Sabre-rattling continued on both sides of Strait as China and Taiwan each held military exercises simulating Chinese attack; U.S. appealed for caution. China said U.S. policy on Taiwan issue threatening bilateral relations and warned against arms sales to Taipei.
Parliamentary elections, originally to run in parallel with 9 October presidential election, rescheduled for April 2005 due to lack of authoritative population data and progress on disarmament. Junbish party leader Abdul Rashid Dostum resigned from nominal post as President Karzai’s military adviser to stand for presidency. FM Abdullah to support former education minister Yunus Qanuni’s bid for presidency. Karzai dropped powerful defense minister Mohammed Fahim as running mate 26 July. Fahim also to support Qanuni. In bid to accelerate disarmament, Karzai reassigned 3 recalcitrant militia leaders, including Atta Mohammad in Mazar-e Sharif, from army corps command posts to civilian posts as governors and police chiefs. Médecins Sans Frontières announced withdrawal from country citing lack of security and inconclusive investigations into June killings of MSF personnel. Attacks continued on election workers. Widespread clashes between U.S./Afghan forces and Taliban fighters killed at least 40. Factional fighting also continued. NATO approved deployment of 1,800 additional troops by September to reinforce election security. President Karzai signed 14 July decree stating that refusal to disarm, remobilising troops, or maintaining unofficial militias would be punished.
Two general strikes called in reaction to 21 June explosion at opposition Awami League rally caused disruption throughout Dhaka. Reportedly 24 killed in multiple shooting incidents of Indian northeast separatists in Dhaka 17 July. Monsoon floods engulfed two thirds of country.

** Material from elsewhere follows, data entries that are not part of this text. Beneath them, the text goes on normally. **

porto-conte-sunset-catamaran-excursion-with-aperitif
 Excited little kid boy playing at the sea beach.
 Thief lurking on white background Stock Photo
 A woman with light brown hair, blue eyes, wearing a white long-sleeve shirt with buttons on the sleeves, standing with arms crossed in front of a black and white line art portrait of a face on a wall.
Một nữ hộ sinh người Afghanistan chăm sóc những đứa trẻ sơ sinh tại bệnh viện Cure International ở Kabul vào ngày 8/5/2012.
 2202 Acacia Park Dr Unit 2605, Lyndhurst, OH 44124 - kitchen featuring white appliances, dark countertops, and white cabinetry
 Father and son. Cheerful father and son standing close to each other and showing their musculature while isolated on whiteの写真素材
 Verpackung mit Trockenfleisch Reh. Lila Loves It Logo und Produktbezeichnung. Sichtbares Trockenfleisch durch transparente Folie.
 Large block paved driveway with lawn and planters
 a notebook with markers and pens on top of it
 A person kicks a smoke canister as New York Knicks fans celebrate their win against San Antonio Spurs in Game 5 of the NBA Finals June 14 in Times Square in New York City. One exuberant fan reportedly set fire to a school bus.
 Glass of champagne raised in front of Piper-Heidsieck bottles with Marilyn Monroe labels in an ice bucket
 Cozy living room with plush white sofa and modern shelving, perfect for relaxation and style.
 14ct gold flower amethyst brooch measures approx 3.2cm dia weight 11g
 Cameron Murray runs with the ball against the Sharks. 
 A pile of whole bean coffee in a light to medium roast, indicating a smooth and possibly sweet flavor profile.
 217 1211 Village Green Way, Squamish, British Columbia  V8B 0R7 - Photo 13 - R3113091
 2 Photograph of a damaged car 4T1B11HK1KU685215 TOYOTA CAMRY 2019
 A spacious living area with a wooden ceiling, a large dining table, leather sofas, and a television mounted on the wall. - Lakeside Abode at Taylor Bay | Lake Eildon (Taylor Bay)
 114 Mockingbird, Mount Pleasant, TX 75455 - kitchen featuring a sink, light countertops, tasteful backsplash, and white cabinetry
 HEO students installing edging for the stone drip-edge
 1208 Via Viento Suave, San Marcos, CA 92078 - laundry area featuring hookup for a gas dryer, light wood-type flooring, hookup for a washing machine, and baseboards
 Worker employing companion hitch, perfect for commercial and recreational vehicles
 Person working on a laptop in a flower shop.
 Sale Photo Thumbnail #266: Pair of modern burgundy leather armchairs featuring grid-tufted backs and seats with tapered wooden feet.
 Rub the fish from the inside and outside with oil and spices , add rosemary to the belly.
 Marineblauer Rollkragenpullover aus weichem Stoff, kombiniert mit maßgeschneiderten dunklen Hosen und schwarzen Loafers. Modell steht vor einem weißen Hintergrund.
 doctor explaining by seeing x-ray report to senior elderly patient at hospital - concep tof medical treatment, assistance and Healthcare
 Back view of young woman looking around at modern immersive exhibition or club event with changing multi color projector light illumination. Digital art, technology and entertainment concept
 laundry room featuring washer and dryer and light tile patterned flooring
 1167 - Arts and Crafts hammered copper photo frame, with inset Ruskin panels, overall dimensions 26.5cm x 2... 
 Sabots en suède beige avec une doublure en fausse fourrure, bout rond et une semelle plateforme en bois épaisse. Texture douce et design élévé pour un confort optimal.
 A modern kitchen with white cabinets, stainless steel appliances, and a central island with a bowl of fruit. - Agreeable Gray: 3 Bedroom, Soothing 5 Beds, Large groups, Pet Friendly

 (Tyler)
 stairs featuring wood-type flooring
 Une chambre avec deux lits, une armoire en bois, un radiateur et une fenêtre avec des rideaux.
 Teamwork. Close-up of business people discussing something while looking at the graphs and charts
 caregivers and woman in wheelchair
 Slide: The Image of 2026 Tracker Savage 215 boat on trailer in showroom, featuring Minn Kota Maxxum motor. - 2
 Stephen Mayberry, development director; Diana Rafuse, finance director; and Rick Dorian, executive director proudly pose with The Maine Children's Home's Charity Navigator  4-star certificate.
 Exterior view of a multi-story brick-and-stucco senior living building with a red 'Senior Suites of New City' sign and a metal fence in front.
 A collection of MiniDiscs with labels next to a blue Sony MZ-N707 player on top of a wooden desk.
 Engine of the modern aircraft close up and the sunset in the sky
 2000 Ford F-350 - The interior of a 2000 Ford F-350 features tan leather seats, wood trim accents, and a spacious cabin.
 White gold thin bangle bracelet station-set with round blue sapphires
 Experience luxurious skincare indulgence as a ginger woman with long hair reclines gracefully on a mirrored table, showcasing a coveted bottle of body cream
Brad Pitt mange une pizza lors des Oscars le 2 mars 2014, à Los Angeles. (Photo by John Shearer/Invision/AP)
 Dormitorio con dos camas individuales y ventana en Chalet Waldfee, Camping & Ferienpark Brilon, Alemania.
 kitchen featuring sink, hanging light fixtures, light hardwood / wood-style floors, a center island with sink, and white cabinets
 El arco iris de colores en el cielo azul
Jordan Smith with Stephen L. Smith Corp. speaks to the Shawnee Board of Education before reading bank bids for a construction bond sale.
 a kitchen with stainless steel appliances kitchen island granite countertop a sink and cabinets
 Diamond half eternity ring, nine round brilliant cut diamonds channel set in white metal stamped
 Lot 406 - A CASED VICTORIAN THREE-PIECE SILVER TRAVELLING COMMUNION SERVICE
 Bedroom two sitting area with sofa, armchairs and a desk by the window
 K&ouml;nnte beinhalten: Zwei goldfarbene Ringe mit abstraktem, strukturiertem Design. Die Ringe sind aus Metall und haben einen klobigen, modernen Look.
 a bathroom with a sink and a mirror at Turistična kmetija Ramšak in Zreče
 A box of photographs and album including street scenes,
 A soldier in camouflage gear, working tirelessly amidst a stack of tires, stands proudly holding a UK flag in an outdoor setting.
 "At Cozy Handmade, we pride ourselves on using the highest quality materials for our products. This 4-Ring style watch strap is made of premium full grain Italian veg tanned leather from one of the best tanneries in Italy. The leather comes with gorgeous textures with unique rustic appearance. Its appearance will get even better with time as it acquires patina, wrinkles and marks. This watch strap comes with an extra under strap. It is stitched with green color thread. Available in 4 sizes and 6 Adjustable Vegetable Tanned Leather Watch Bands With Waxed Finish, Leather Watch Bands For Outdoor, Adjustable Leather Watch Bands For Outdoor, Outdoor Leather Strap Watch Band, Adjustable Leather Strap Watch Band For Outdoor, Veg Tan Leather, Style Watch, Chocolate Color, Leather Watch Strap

Foreign Minister Natwar Singh met Pakistani President Pervez Musharraf in first bilateral talks with India’s new government 23 July. Elsewhere, talks began between several northeast separatist groups and New Delhi, but 2 main groups, United Liberation Front of Asom and National Democratic Front of Bodoland, not participating. National Socialist Council of Nagaland leaders met government negotiators in Thailand 29 July extending lapsed ceasefire for another year. In positive move, government in southern Andhra Pradesh state lifted 12-year ban on Maoist People’s War Group. Opposition National Democratic Alliance continued anti-corruption campaign against government, focusing on 6 “tainted” ministers.
Violence worsened in run-up to Indo-Pakistan peace talks; over 200 killed including numerous civilians. Indian Foreign Minister Natwar Singh met Pakistani President Pervez Musharraf 23 July. India expressed disappointment with Pakistani statement stressing “time-frame” for settling Kashmir dispute. Current round of talks to culminate in New Delhi foreign ministers’ meeting 5-6 September.
Ongoing violence, with Maoist rebels increasingly attacking targets within Kathmandu: police, municipal and government officials shot dead; bomb blasts 15/18 July wounded 12, killed 1. Three mayors outside Kathmandu also killed. Elsewhere at least 45 died in separate clashes between Maoists and government troops/police. PM Sher Bahadur Deuba announced new coalition government 5 July, but does not include influential Nepali Congress Party. PM to control crucial defence and foreign ministries. Maoist chief Prachanda issued statement saying no immediate possibility of talks but reiterated preference for UN mediation.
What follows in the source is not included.